A study was performed to assess the inherent biodegradability of the test item in an aerobic aqueous media according to OECD Guideline 302B, EU Method C.9 and US EPA Test Guideline OCSPP 835.3200. In this study, the test item was exposed to activated sewage sludge micro-organisms at a concentration of 100 mg carbon/L with mineral medium in the dark at temperatures of between 20 and 25 ºC for 28 days. The biodegradation of the test item was assessed by the determination of dissolved organic carbon removal. Control cultures with inoculum and the reference item, diethylene glycol and a toxicity control were used for validation purposes. The test item attained 0% biodegradation after 28 days. The test item cannot therefore be considered as inherently biodegradable under the experimental conditions employed in this study.

Description of key information

The test item was considered as not inherently biodegradable.

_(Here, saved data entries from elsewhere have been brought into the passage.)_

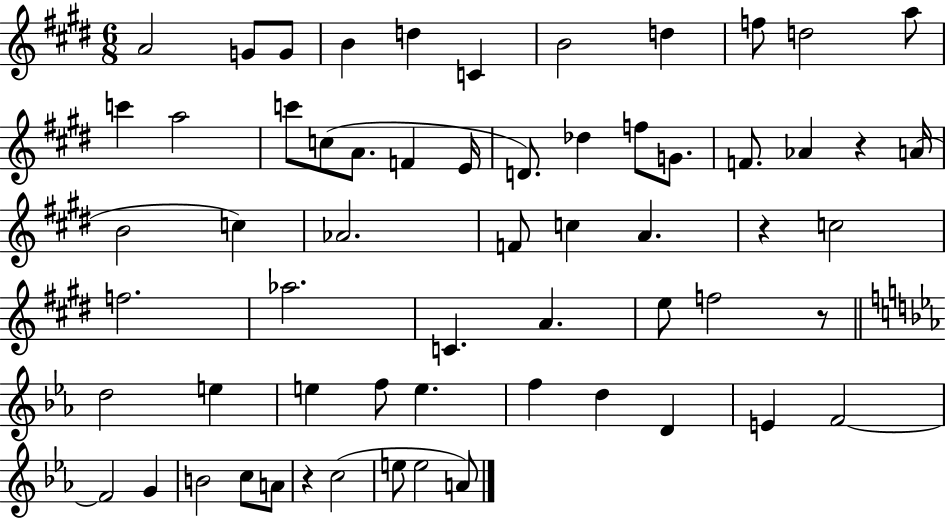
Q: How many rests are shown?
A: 4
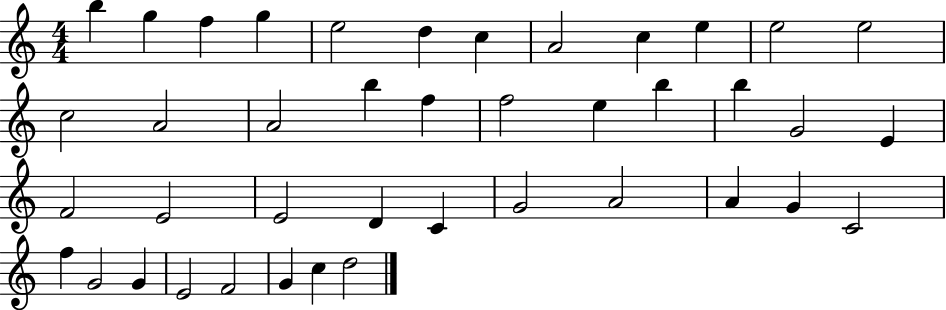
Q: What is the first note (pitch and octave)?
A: B5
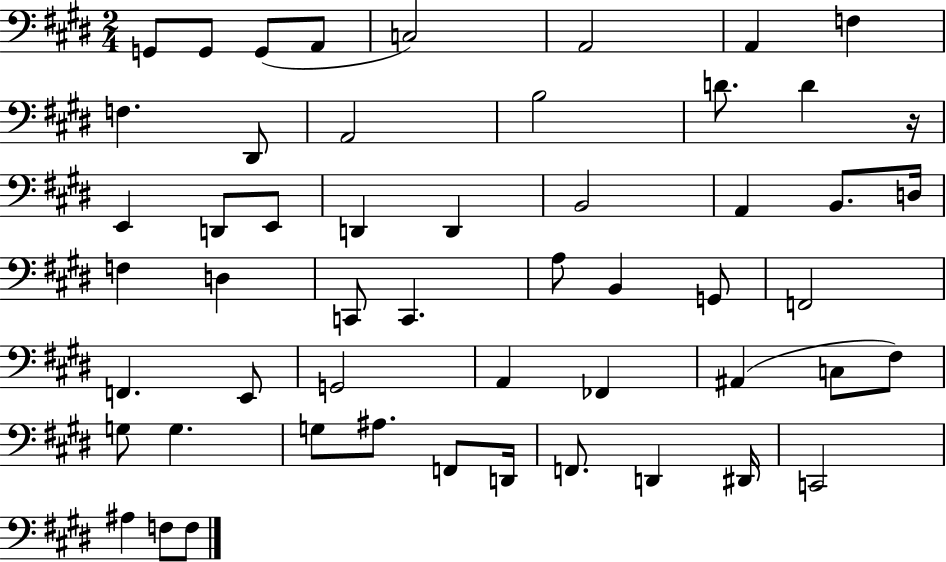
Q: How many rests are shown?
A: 1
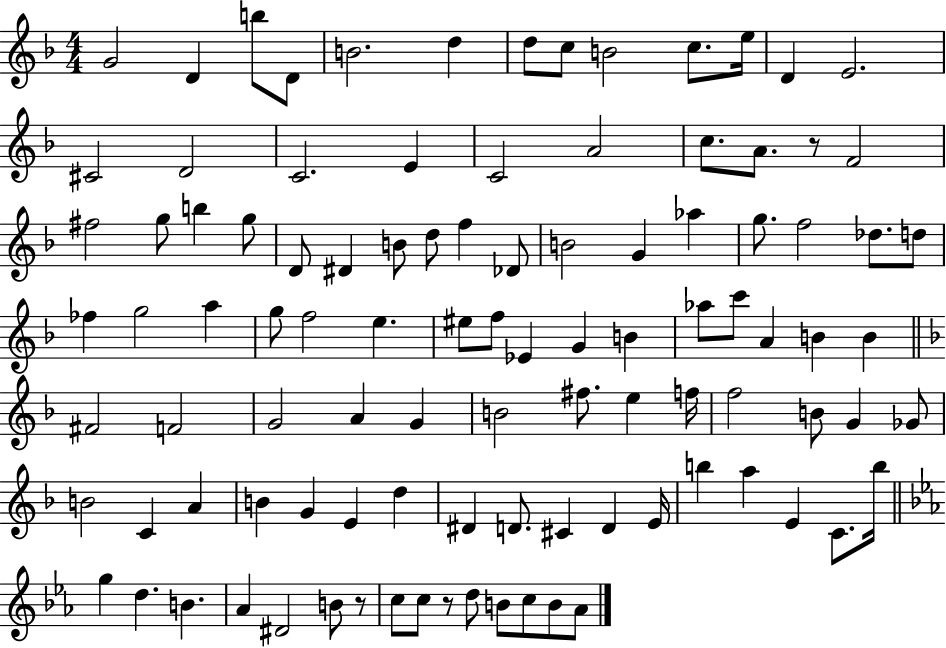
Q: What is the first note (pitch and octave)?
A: G4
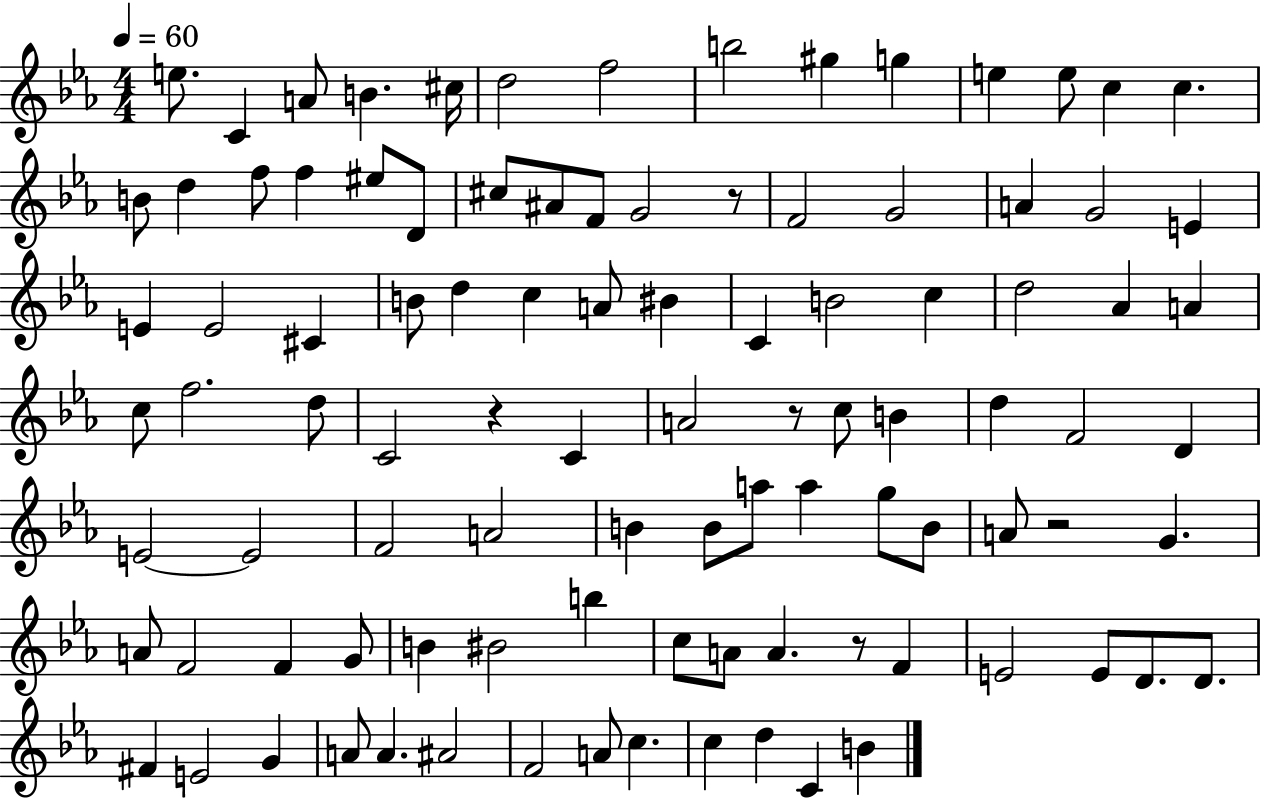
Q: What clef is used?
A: treble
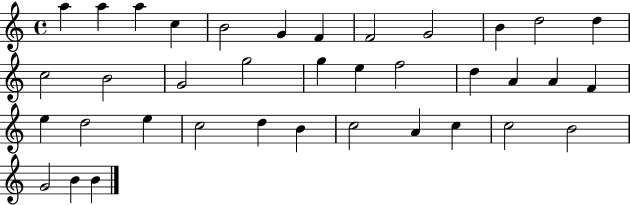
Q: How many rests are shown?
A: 0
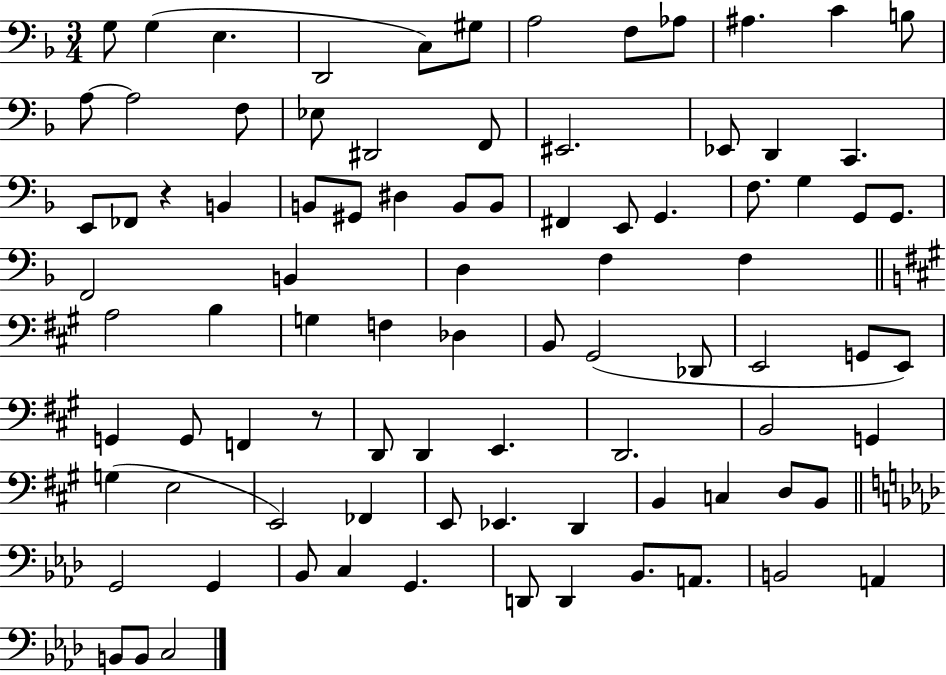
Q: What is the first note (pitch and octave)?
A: G3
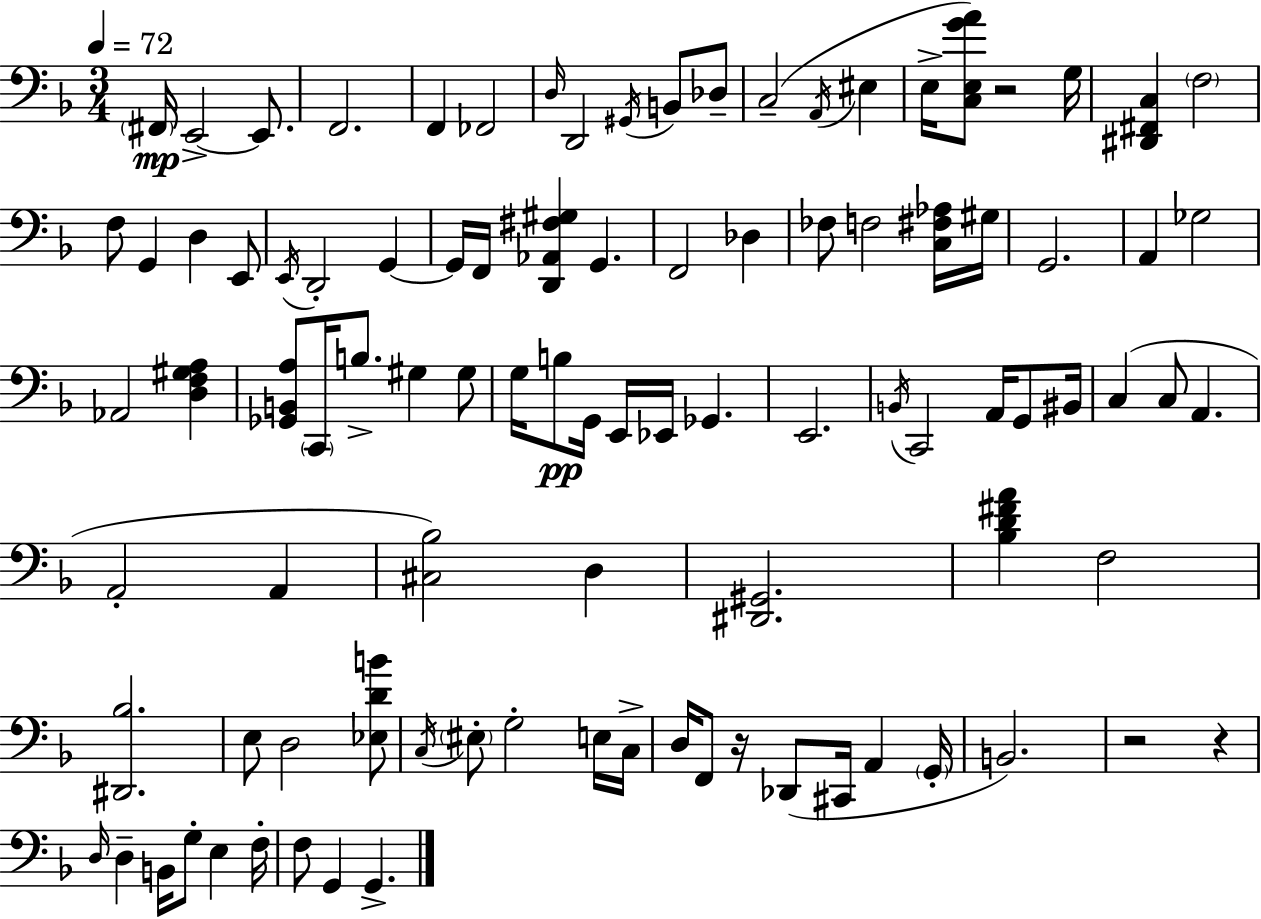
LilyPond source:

{
  \clef bass
  \numericTimeSignature
  \time 3/4
  \key f \major
  \tempo 4 = 72
  \parenthesize fis,16\mp e,2->~~ e,8. | f,2. | f,4 fes,2 | \grace { d16 } d,2 \acciaccatura { gis,16 } b,8 | \break des8-- c2--( \acciaccatura { a,16 } eis4 | e16-> <c e g' a'>8) r2 | g16 <dis, fis, c>4 \parenthesize f2 | f8 g,4 d4 | \break e,8 \acciaccatura { e,16 } d,2-. | g,4~~ g,16 f,16 <d, aes, fis gis>4 g,4. | f,2 | des4 fes8 f2 | \break <c fis aes>16 gis16 g,2. | a,4 ges2 | aes,2 | <d f gis a>4 <ges, b, a>8 \parenthesize c,16 b8.-> gis4 | \break gis8 g16 b8\pp g,16 e,16 ees,16 ges,4. | e,2. | \acciaccatura { b,16 } c,2 | a,16 g,8 bis,16 c4( c8 a,4. | \break a,2-. | a,4 <cis bes>2) | d4 <dis, gis,>2. | <bes d' fis' a'>4 f2 | \break <dis, bes>2. | e8 d2 | <ees d' b'>8 \acciaccatura { c16 } \parenthesize eis8-. g2-. | e16 c16-> d16 f,8 r16 des,8( | \break cis,16 a,4 \parenthesize g,16-. b,2.) | r2 | r4 \grace { d16 } d4-- b,16 | g8-. e4 f16-. f8 g,4 | \break g,4.-> \bar "|."
}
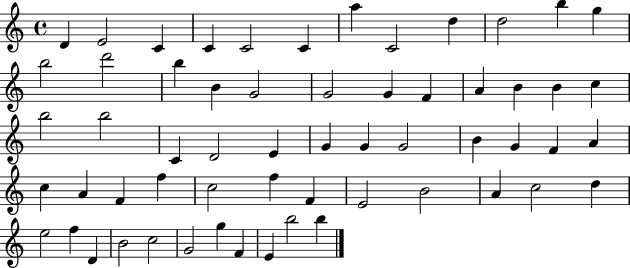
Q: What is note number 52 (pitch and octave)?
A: B4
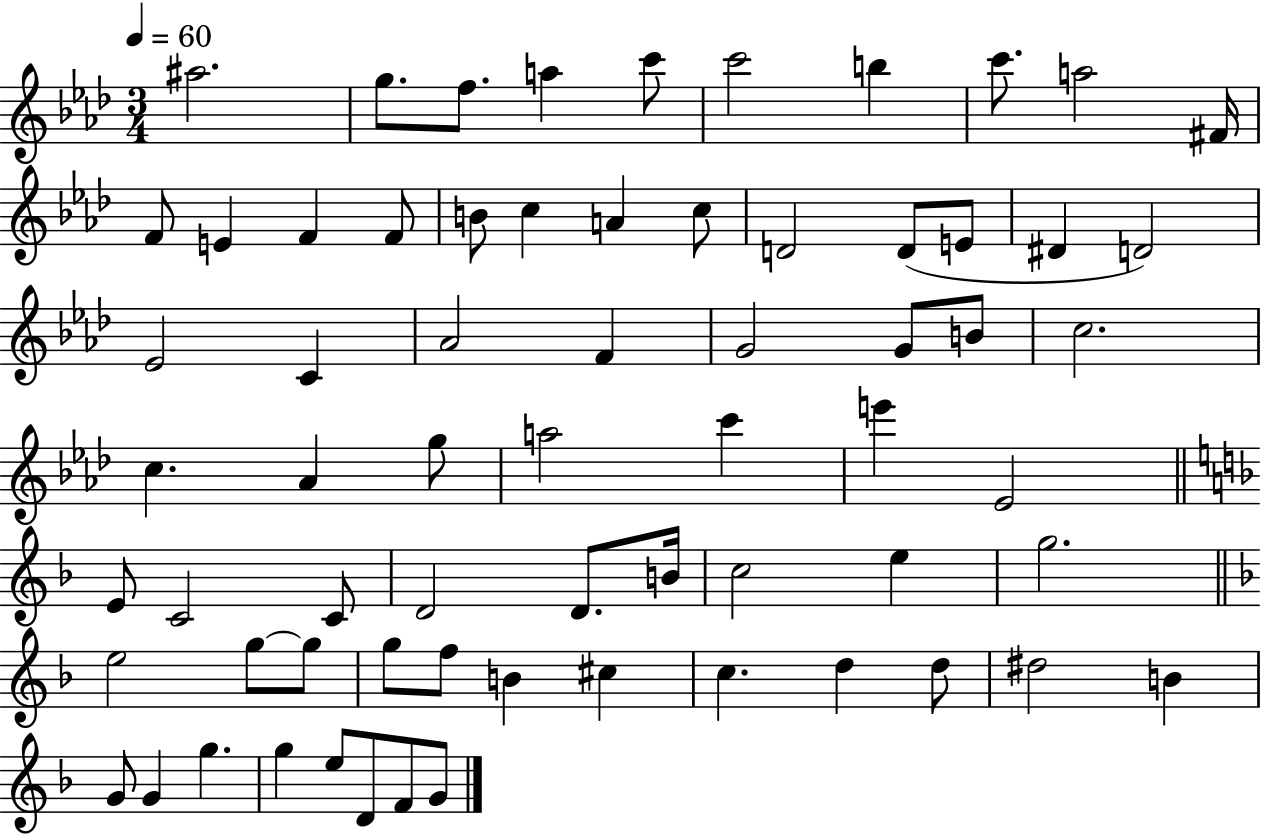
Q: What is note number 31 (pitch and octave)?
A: C5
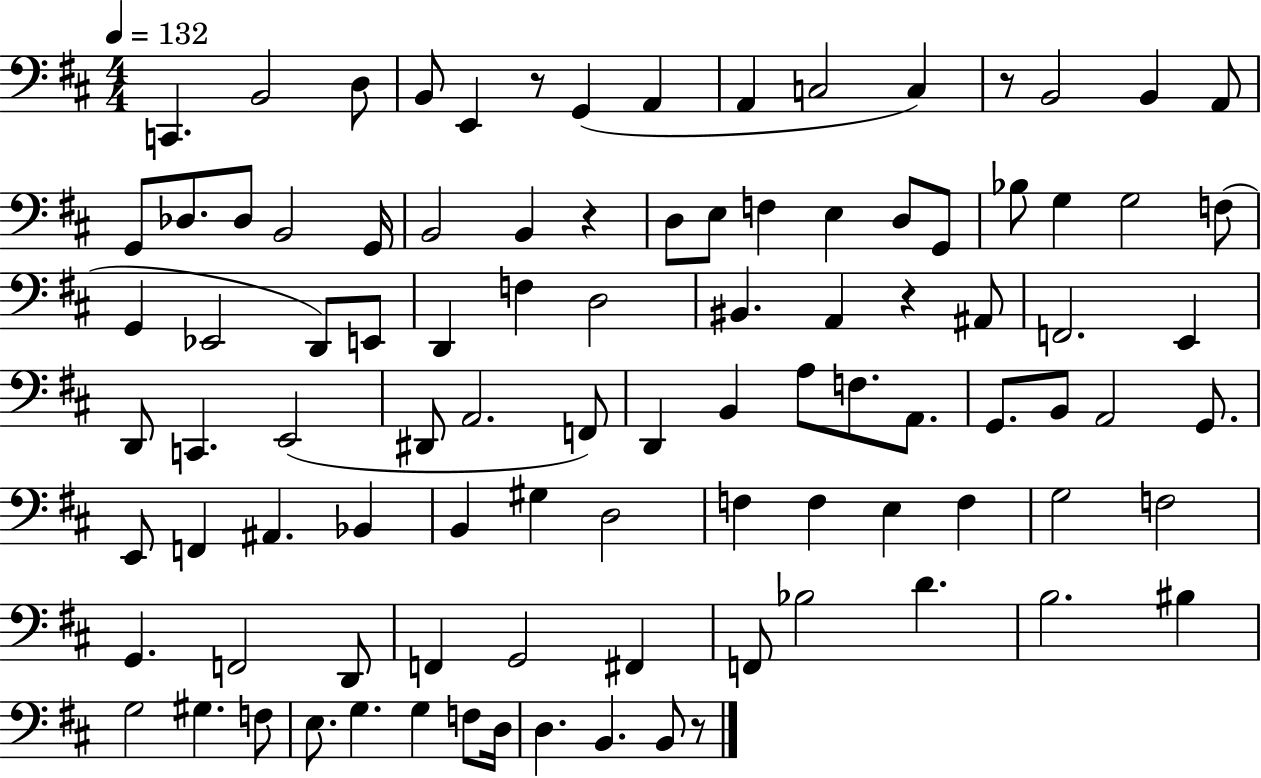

Key value for chemical safety assessment

Biodegradation in water:

under test conditions no biodegradation observed

Additional information

A study was performed to assess the inherent biodegradability of the test item in an aerobic aqueous media according to OECD Guideline 302B, EU Method C.9 and US EPA Test Guideline OCSPP 835.3200. In this study, the test item was exposed to activated sewage sludge micro-organisms at a concentration of 100 mg carbon/L with mineral medium in the dark at temperatures of between 20 and 25 ºC for 28 days. The biodegradation of the test item was assessed by the determination of dissolved organic carbon removal. Control cultures with inoculum and the reference item, diethylene glycol and a toxicity control were used for validation purposes. The test item attained 0% biodegradation after 28 days. The test item cannot therefore be considered as inherently biodegradable under the experimental conditions employed in this study. The test item attained 0% biodegradation after 28 days and cannot therefore be considered as inherently biodegradable under the experimental conditions employed in this study.